Je découvre la crèche Montessori devant laquelle sont stationnés, si mignonnement accrochés aux grilles, quelques trottinettes, tricycles et autres véhicules "premiers pas",


 et je peux constater que la boutique d'affiches du cinéma a survécu à ma grande surprise. Lors d'un précédent passage, j'y avais vécu un épisode inattendu : alors que je musardais entre les étalages d'affiches et d'archives, quelqu'un s'était approché de moi et m'avait tendu un papier qui était apparemment tombé de ma poche. Un papier écrit en hébreu. S'en était suivi un curieux échange verbal avec le propriétaire des lieux, autour de la question du yiddish, lui me prétendant que la langue avait maintenant entièrement disparu, moi lui répondant qu'elle était encore la langue maternelle de plusieurs dizaines de milliers de personnes. On aurait dit un dialogue avec Ami Bouganim qui avait qualifié l'attribution du Nobel à Bachevis Singer d'enterrement en grandes pompes de la culture yiddish. 


Aujourd'hui, je ne regarde même pas si la porte s'ouvre, je jette quelques regards furtifs du côté de la pagode, un peu comme pour vérifier qu'elle est toujours là,


 devant laquelle un couple - qui me parait chinois - est en conciliabule, et je poursuis ma route. 

La rue de Babylone est hermétiquement bouchée par les barrages de police, probablement du fait du même haut personnage pour lequel le sénat est en émoi et c'est au milieu du concert de klaxons d'impatience que je débouche aux abords de l'église Saint François Xavier, alors que commencent à m'assaillir les souvenirs de mes années de permanence aux eis. Je poursuis ma route, décide de prendre les Invalides par la gauche et m'aperçois soudain que je me trouve en fait en train de traverser l'avenue de Ségur. 
L'avenue de Friedland - oups pardon ! et merci Emilie,  Lowendal -  éveille en moi aussi quelques souvenirs furtifs, souvenirs d'une soirée où je m'étais rendu, dans le sillage de ce voyage de 1975 à Jérusalem où s'était formulé mon projet d'alyah, et me voici déjà à l'Ecole Militaire. 

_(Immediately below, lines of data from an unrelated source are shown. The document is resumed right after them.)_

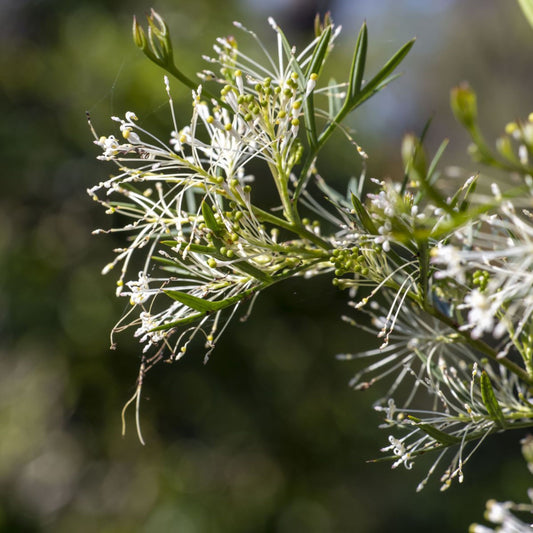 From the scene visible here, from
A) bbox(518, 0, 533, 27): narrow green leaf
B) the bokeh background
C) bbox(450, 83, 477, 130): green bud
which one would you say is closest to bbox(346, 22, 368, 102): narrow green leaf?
bbox(518, 0, 533, 27): narrow green leaf

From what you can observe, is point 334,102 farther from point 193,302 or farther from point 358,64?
point 193,302

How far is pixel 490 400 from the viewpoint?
41cm

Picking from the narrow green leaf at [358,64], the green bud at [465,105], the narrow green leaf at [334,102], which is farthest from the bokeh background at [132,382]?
the green bud at [465,105]

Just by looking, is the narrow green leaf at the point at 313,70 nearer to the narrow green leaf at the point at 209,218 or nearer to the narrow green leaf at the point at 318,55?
the narrow green leaf at the point at 318,55

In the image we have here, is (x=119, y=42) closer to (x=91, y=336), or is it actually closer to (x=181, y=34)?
(x=181, y=34)

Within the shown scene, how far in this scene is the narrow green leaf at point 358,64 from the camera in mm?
448

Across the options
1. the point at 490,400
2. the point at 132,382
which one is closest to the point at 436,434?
the point at 490,400

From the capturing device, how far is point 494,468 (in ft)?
9.75

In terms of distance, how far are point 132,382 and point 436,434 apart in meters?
2.47

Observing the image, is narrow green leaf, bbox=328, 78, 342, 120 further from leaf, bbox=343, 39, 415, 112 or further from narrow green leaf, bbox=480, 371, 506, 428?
narrow green leaf, bbox=480, 371, 506, 428

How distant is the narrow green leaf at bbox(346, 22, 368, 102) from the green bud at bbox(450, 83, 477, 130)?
211 mm

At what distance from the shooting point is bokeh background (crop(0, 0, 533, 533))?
8.50 ft

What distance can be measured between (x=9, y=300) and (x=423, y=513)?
2.07 m

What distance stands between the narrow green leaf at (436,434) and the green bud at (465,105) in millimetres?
218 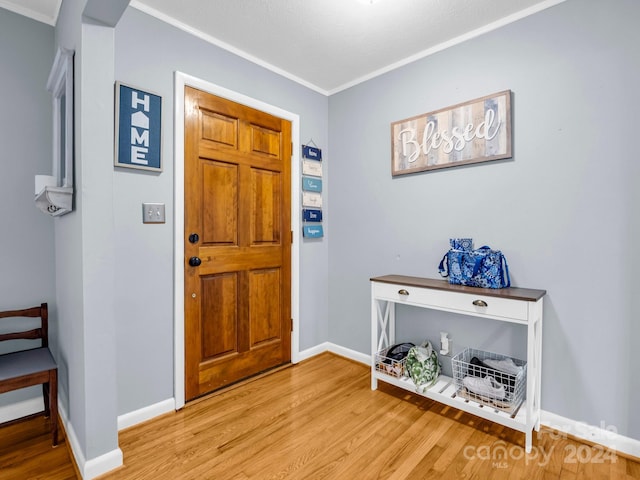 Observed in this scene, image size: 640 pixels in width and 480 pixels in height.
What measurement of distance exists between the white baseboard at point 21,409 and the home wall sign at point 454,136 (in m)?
2.86

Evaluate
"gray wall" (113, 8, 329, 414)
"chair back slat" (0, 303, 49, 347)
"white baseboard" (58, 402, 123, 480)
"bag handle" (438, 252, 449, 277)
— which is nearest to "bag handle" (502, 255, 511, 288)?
"bag handle" (438, 252, 449, 277)

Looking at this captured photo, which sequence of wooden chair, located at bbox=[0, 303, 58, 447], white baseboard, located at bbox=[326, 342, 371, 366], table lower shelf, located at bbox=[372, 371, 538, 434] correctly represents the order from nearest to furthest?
wooden chair, located at bbox=[0, 303, 58, 447] → table lower shelf, located at bbox=[372, 371, 538, 434] → white baseboard, located at bbox=[326, 342, 371, 366]

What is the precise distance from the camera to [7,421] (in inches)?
76.0

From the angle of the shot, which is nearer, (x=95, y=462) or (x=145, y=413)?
(x=95, y=462)

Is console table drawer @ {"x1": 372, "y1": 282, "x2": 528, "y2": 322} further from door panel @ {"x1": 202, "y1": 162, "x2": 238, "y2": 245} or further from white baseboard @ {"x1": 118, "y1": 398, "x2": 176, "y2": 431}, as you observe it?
white baseboard @ {"x1": 118, "y1": 398, "x2": 176, "y2": 431}

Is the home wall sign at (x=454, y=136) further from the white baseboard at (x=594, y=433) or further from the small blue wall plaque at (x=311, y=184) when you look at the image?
the white baseboard at (x=594, y=433)

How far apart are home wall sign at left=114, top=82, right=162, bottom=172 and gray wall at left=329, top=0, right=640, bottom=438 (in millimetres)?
1750

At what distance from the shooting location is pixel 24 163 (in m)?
1.99

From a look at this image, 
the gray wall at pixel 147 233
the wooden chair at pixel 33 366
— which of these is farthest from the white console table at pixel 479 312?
the wooden chair at pixel 33 366

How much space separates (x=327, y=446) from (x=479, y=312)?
1.13 m

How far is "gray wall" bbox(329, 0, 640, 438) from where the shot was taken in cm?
168

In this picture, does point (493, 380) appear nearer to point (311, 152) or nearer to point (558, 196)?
point (558, 196)

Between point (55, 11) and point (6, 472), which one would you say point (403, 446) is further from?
point (55, 11)

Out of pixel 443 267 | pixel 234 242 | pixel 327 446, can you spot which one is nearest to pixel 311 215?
pixel 234 242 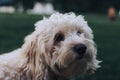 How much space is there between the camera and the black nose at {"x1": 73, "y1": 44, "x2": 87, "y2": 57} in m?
7.50

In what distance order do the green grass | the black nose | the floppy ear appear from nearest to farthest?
the black nose
the floppy ear
the green grass

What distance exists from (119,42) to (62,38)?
11956mm

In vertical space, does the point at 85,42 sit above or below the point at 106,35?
above

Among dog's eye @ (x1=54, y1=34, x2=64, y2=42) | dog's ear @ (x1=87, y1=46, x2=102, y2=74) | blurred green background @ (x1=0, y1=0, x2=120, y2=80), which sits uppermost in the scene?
dog's eye @ (x1=54, y1=34, x2=64, y2=42)

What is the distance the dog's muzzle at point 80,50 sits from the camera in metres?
7.50

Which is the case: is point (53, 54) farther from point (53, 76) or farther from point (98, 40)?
point (98, 40)

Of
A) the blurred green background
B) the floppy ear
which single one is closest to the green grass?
the blurred green background

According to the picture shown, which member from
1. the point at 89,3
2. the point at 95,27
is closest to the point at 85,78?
the point at 95,27

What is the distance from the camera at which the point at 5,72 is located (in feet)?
25.4

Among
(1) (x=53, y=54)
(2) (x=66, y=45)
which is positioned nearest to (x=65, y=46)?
(2) (x=66, y=45)

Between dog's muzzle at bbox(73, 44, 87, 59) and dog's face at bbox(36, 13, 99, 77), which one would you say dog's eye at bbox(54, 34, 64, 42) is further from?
dog's muzzle at bbox(73, 44, 87, 59)

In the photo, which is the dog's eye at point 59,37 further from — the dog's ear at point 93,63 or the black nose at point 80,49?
the dog's ear at point 93,63

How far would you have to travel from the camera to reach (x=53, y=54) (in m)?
7.62

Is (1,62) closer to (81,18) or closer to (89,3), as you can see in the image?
(81,18) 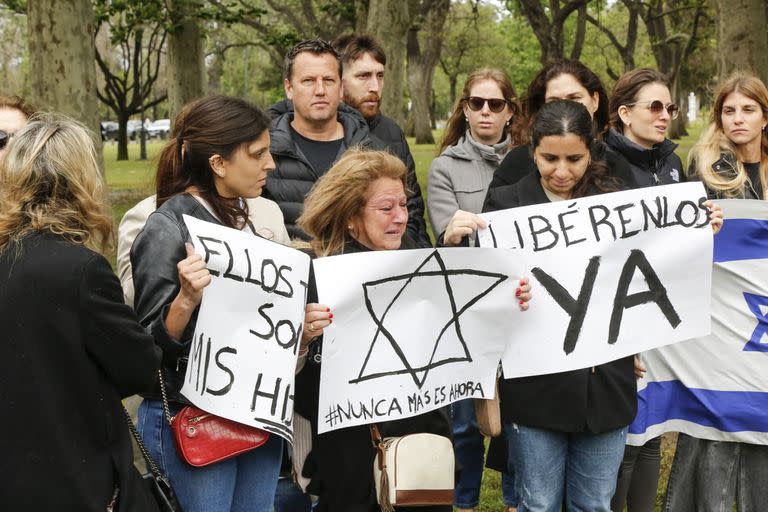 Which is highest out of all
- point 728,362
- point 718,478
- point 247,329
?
point 247,329

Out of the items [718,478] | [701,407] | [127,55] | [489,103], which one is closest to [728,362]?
[701,407]

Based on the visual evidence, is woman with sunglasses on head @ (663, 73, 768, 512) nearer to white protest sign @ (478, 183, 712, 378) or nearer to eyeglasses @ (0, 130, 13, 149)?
white protest sign @ (478, 183, 712, 378)

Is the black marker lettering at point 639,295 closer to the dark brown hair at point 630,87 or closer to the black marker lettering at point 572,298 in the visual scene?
the black marker lettering at point 572,298

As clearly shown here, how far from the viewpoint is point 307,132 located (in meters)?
4.66

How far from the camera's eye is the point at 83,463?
2.59m

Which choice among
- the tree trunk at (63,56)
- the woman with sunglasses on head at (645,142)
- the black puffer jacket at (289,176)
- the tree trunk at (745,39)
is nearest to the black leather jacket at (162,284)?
the black puffer jacket at (289,176)

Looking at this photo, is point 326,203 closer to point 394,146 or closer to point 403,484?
point 403,484

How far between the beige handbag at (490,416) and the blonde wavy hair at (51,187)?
5.52 feet

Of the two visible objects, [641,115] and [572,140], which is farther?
[641,115]

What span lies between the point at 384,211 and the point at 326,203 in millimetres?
216

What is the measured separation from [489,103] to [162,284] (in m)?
2.34

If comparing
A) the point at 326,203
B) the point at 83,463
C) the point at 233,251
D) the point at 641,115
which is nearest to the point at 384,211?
the point at 326,203

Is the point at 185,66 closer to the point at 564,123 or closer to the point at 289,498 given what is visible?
the point at 289,498

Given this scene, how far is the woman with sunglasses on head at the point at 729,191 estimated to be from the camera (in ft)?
13.2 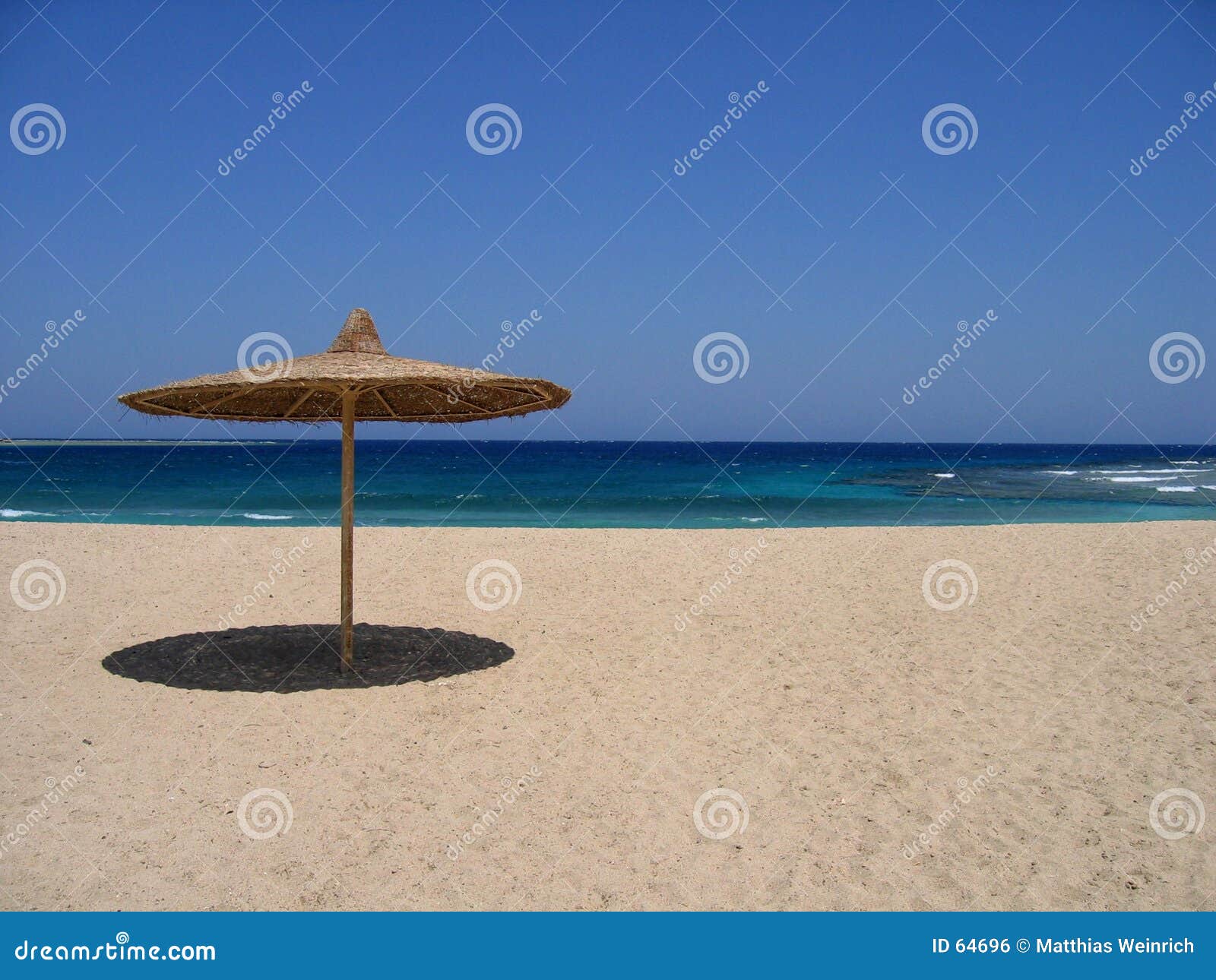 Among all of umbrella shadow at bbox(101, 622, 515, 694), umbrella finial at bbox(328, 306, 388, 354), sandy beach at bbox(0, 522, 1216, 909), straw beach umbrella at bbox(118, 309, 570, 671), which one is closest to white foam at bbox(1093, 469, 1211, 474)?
sandy beach at bbox(0, 522, 1216, 909)

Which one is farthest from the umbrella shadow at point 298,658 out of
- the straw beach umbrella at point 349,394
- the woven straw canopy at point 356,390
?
the woven straw canopy at point 356,390

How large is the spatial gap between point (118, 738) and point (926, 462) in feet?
221

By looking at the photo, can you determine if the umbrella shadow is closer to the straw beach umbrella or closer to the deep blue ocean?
the straw beach umbrella

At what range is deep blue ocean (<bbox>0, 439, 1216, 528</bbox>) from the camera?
22.1 metres

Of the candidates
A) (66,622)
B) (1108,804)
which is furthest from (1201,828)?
(66,622)

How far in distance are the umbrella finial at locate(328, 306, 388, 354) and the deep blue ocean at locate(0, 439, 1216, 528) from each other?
573 inches

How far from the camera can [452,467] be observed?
48.7 meters

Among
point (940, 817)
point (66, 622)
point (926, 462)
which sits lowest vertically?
point (66, 622)

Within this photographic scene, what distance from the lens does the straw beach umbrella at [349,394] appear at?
502 cm

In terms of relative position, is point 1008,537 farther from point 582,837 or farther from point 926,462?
point 926,462

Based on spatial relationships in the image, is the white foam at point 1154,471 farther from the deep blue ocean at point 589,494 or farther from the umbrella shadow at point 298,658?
the umbrella shadow at point 298,658

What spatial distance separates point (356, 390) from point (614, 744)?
3066 mm

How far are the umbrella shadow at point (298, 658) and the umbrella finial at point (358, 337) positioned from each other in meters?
2.23

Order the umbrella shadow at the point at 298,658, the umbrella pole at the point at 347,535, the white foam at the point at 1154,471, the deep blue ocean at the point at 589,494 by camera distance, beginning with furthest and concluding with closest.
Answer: the white foam at the point at 1154,471 → the deep blue ocean at the point at 589,494 → the umbrella pole at the point at 347,535 → the umbrella shadow at the point at 298,658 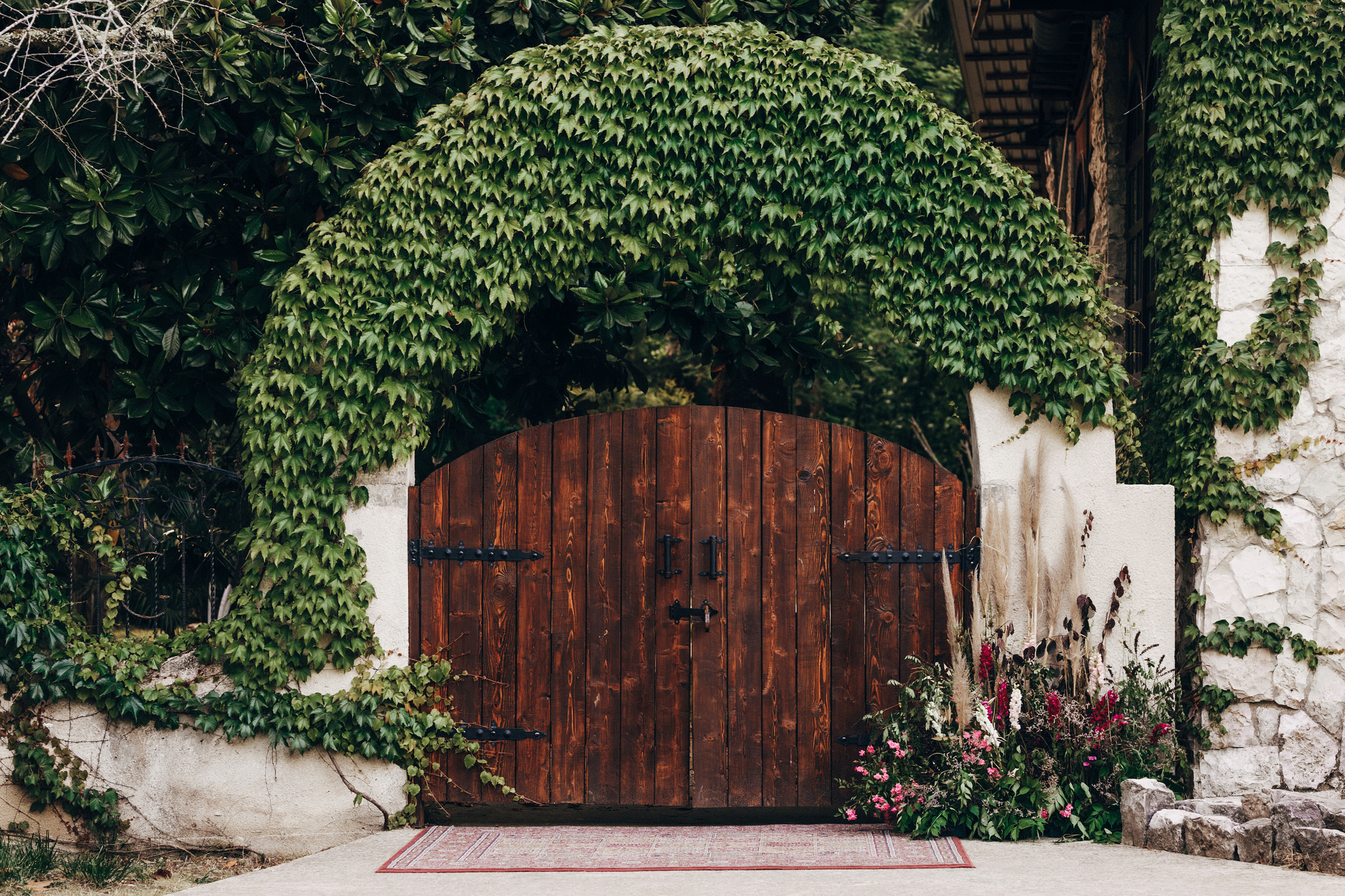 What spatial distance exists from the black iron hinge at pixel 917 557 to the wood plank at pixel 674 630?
87cm

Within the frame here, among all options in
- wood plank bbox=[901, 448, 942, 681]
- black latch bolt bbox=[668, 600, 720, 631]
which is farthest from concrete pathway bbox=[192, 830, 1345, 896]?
black latch bolt bbox=[668, 600, 720, 631]

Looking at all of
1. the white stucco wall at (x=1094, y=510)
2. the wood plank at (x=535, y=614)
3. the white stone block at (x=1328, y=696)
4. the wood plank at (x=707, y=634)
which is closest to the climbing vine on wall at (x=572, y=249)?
the white stucco wall at (x=1094, y=510)

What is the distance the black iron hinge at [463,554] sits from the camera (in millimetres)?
5969

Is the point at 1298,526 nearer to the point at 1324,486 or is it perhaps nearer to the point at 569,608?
the point at 1324,486

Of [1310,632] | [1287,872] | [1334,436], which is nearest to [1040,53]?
[1334,436]

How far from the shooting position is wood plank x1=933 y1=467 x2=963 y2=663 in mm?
5930

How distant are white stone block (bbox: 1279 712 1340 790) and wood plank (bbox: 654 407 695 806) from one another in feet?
9.79

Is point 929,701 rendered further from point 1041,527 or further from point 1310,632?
point 1310,632

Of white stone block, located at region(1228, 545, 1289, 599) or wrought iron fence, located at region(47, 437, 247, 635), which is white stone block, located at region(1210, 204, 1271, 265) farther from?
wrought iron fence, located at region(47, 437, 247, 635)

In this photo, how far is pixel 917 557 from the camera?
5.91 metres

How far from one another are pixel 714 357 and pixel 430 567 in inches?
149

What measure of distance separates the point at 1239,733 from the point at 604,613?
326cm

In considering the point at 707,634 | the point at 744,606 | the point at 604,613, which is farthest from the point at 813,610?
the point at 604,613

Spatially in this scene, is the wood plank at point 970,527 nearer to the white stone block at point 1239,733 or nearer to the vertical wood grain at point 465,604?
the white stone block at point 1239,733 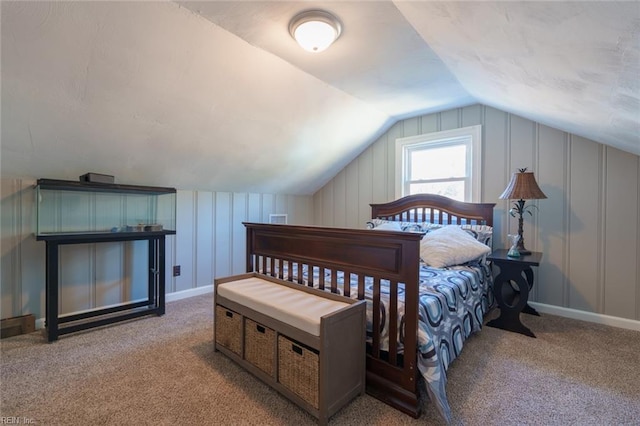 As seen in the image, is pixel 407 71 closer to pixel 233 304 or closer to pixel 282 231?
pixel 282 231

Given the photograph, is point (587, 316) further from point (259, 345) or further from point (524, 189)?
point (259, 345)

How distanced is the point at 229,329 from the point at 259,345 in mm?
357

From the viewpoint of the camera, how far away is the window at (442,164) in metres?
3.36

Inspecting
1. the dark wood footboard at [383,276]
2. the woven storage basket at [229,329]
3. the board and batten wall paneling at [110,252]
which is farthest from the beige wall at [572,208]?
the board and batten wall paneling at [110,252]

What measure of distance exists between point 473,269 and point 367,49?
2050 mm

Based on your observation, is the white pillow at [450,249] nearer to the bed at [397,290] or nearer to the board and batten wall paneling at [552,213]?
the bed at [397,290]

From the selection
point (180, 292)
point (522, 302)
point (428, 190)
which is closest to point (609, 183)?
point (522, 302)

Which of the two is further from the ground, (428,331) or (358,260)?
(358,260)

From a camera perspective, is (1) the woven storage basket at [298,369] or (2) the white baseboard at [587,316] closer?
(1) the woven storage basket at [298,369]

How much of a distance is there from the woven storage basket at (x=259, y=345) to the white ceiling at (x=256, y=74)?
186 centimetres

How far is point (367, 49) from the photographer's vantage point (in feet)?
6.79

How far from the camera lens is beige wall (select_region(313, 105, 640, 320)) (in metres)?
2.57

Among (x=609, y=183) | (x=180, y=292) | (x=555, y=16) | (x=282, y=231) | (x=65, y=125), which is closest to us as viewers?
(x=555, y=16)

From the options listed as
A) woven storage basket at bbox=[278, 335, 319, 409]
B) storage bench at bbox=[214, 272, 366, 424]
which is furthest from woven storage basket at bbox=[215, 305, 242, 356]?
woven storage basket at bbox=[278, 335, 319, 409] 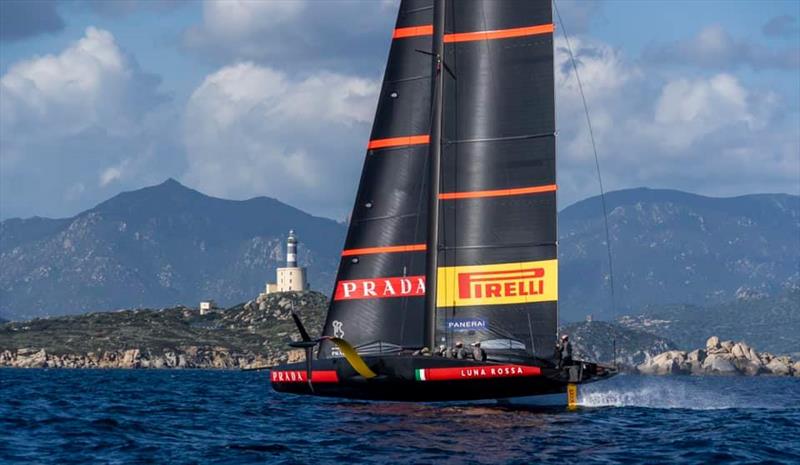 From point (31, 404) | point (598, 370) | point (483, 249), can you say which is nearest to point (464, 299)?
point (483, 249)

Je retrouverai sous peu - grâce à la téléphonie mobile aux performances internationales - mon rendez vous hébraïque et pourrai enfin, 


après deux heures de marche, me poser sur un des bancs des bords de seine et à l'ombre de la tour, et me plonger dans l'étude, arrosée de matzot, de fromage, et de biscuits à l'orange et au vin, de cette nouvelle d'Agnon "le respect au père", pour laquelle nous nous retrouvons.

La suite se fera en vélib, et me conduira à l'Opéra où je reçois la consécration de mon état de touriste : alors qu'en attente sur le côté du majestueux bâtiment, appareil photo à la main, 


une femme s'approche soudain et me tend une bague. Elle serait tombée de ma poche (encore ?) me joue-t-elle la comédie, et je réponds par la négative. De fil en aiguille, la bague atterrit chez moi "offerte à moi, en cadeau pour avoir été l'individu le plus honnête du monde, qui n'a même pas prétendu un instant que cette bague lui appartenait"...et la scène est immédiatement suivie de l'addition : "un peu de quoi acheter un sandwich?" qui me fait enfin comprendre quel naïf j'ai été.

Finalement, me faire traiter comme un touriste à Paris, c’est plutôt un compliment.